The most pressing need of this hour is a dedicated circle of transformed nonconformists. Today our planet teeters on the brink of atomic annihilation. Dangerous passions of pride, hatred, and selfishness still sit contentedly on the throne of our lives, and wounded truth and love are still lying prostrate on the rugged hills of nameless colonies calvaries. Men are still genuflecting before the false gods of nationalism and materialism. If our world is to be saved from its pending doom it will come not through the complacent adjustment of the conforming majority but through the creative maladjustment of a nonconforming minority. If the world is to be lifted from the morass of confusion and chaos it will be done by men who have succeeded in standing above the world so that God can lift it through them.

Professor [Julius Seelye] Bixler reminded us some years ago of the danger of overstressing the well-adjusted life.36 Everybody is passionately seeking to be well adjusted, nobody wants to be maladjusted. There is probably no word in modern psychology that is used more than the word maladjusted. It is the word most frequently on the lips of the child psychologist. In a sense we must all seek to live the well adjusted life in order to avoid neurotic and schiozophrenic personalities. But there are some things in our world to which all men of good will must be maladjusted until the good society is realized.37 As for me I must confess that there are some things to which I’m proud to be maladjusted. I never intend to become adjusted to the evils of segregation and the crippling effects of discrimination. I never intend to become adjusted to the moral degeneracy of religious bigotry and the corroding effects of narrow sectarianism. I never intend to adjust myself to economic conditions that will take necessities from the many a to give luxuries to the few.38 I never intend to become adjusted to the insanities of militarism and the selfdefeatlng effects of physical violence.

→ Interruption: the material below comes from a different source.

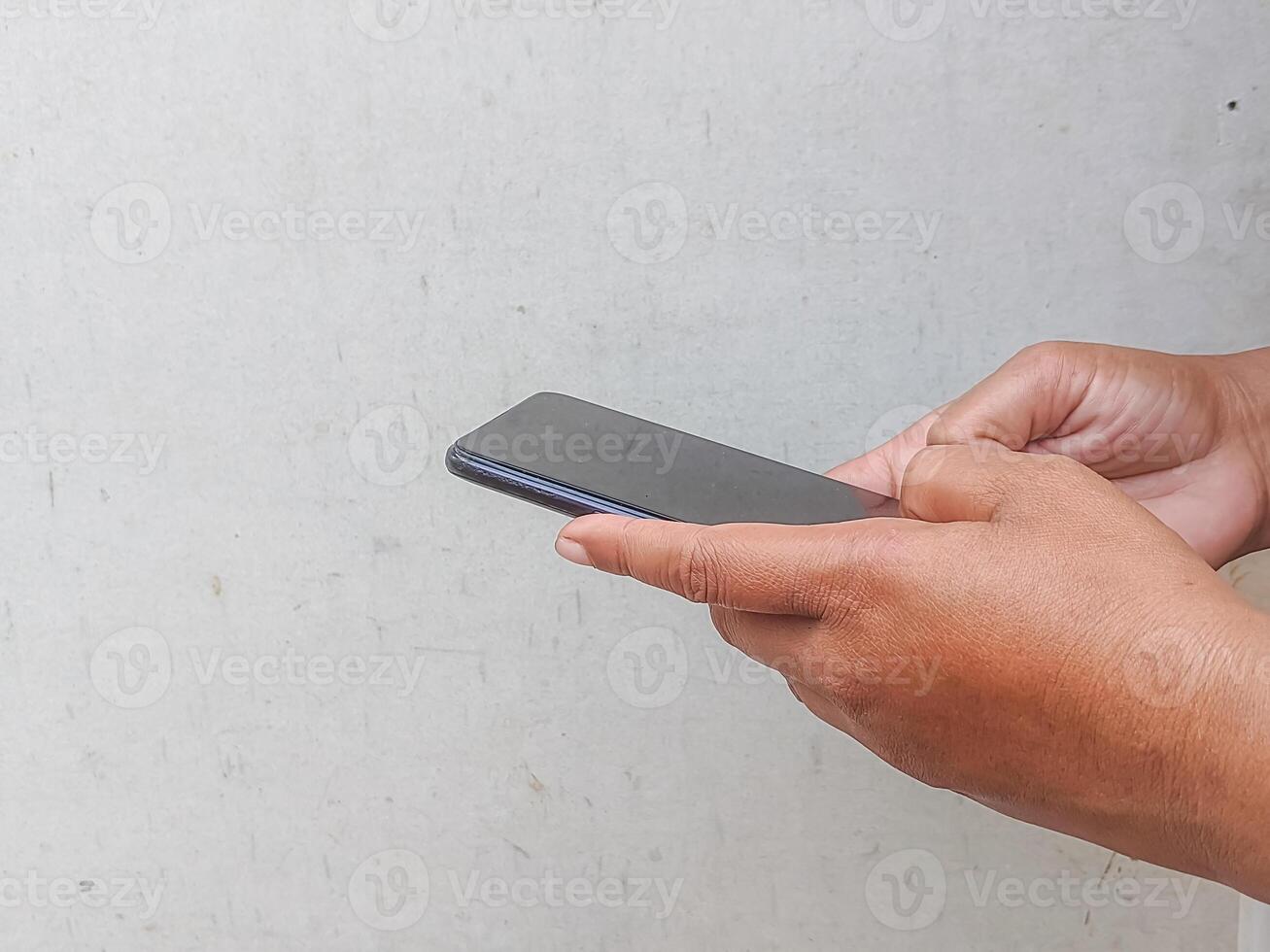 Hands engaged with a mobile phone, illustrating the seamless integration of technology into daily routines and the importance of staying connected. photo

The world is in dire need of a society of the creative maladjusted. It may well be that the salvation of our world lies in the hands of such a creative minority. We need men today as maladjusted as the prophet Amos, who in the midst of the injustices of his day could cry out in words that echo across the centuries: “Let justice roll down like waters and righteousness like a mighty stream;” as maladjusted Shadrach, Meshach, and Abednego who, in the midst of an order from King Nebuchadnezzar to bow down and worship the golden image, said in unequivocal terms: “If it be so, our God whom we serve is able to deliver us, but if not we will not bow;” as maladjusted as Abraham Lincoln who had the vision to see that this nation could not survive half slave and half free; as maladjusted as Thomas Jefferson, who in the midst of an age amazingly adjusted to slavery could scratch across the pages of history these profound and eloquent words: “We hold these truths to be self-evident that all men are created equal; that they are endowed by their Creator with certain unalienable rights; that among these are life, liberty and the pursuit of happiness;” as maladjusted even as our Lord who, in the midst of the intricate and fascinating military machinery of the Roman Empire, emerged from a wilderness temptation to establish a political kingdom by [strikeout illegible] firmly saying: “Get thee behind me Satan,” and reminded his followers that “he who lives by the sword shall perish by the sword.”39 Through such maladjustment we may be able to call an already decadent generation back to those things which make for peace.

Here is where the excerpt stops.